The dialogue in The Social Network is surely the quickest-firing since Rosalind Russell and Katharine Hepburn took on Cary Grant in Howard Hawks comedies around 1940. If you don’t get all of it (I didn’t) don’t worry; they’re speaking fast, super-savvy young American, from positions of impossible privilege, in terms both of class (Harvard) and mastery of today’s and tomorrow’s information technologies. The pivot is the devising of Facebook by Mark Zuckerberg and friends, and the rapid transformation of inner-circle communication into global big business, in a milieu where a million dollars isn’t really cool, but a billion dollars: “now that’s cool.” By all accounts, the real young Mr Zuckerberg is rather nicer than the film suggests. But then, as the youngest billionaire on the planet, he can afford to be, and we’re left wondering what he might perhaps do to help meet the Millennium Goals. The director David Fincher’s brilliant orchestration of topline college life, and Aaron Sorkin’s razor-edged writing, make no space for moralism; the audience must bring its own concerns to meet the outrageous arrogance and self-enclosure of Zuckerberg’s world. The cast is wonderful, particularly with Jesse Eisenberg as chief nerd and Andrew Garfield as Eduardo Saverin, his double-crossed collaborator.

While it’s all entertainment par excellence, there is a certain documentary aspect. Australians might emerge reflecting further on the national broadband network, and the possible view that a public system, free of all hierarchy, is exactly what it ought to be. As for Facebook, the lads tell us that you can’t make 500 million friends without making a few enemies as well; and it is apparent that something odd is happening now to ancient notions of friendship. The girls of the story, forcefully played by Rooney Mara and others, challenge their designated places on the periphery of things, and the feminist questions are not to be evaded. The eerie music track, by Trent Reznor and Atticus Ross, haunts and questions the story throughout. If Facebook is a dance on the surface of history, can it change what’s happening underneath? We leave the young billionaire worrying.

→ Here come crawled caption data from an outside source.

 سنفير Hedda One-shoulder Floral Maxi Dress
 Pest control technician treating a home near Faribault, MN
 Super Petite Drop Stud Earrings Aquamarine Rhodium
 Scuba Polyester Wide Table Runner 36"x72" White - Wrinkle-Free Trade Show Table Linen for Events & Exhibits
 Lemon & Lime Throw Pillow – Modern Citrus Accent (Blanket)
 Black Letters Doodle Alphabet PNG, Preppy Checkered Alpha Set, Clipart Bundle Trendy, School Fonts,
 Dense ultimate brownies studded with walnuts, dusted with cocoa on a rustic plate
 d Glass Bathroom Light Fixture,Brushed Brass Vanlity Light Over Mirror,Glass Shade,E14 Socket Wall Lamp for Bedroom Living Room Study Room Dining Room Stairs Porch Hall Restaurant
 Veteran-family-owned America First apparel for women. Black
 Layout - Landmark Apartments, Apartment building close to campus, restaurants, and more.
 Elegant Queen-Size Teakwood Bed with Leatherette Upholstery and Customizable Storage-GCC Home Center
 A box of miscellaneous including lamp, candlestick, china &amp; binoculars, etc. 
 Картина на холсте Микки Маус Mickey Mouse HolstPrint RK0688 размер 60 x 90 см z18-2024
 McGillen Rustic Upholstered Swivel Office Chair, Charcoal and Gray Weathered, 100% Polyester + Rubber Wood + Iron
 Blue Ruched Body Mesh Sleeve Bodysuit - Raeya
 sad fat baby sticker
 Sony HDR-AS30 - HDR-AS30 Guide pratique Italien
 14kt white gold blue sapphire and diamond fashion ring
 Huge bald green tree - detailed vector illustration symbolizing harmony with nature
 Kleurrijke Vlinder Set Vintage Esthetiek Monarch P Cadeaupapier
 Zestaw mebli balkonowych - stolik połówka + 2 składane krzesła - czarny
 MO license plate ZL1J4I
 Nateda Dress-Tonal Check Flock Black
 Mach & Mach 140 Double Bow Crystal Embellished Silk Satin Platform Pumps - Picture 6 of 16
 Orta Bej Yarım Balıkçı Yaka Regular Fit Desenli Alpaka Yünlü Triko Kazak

MUSIC of another kind is at the centre of the feature-length documentary Genius Within: The Inner Life of Glenn Gould. Wrong title, I think; we don’t really find out how the man felt or why he did things, and why would anyone want to? The world’s continuing business with Glenn Gould is with his extraordinary musical legacy. Biographies offer contexts, and satisfy curiosity only so far. This one is conventional documentary, an arrangement of archival footage and interviews with surviving friends and associates. As such, it’s excellent, and as good documentary it raises questions both new and old about the links between pathology and genius, and about why Gould in particular became – as it appears – increasingly self-destructive.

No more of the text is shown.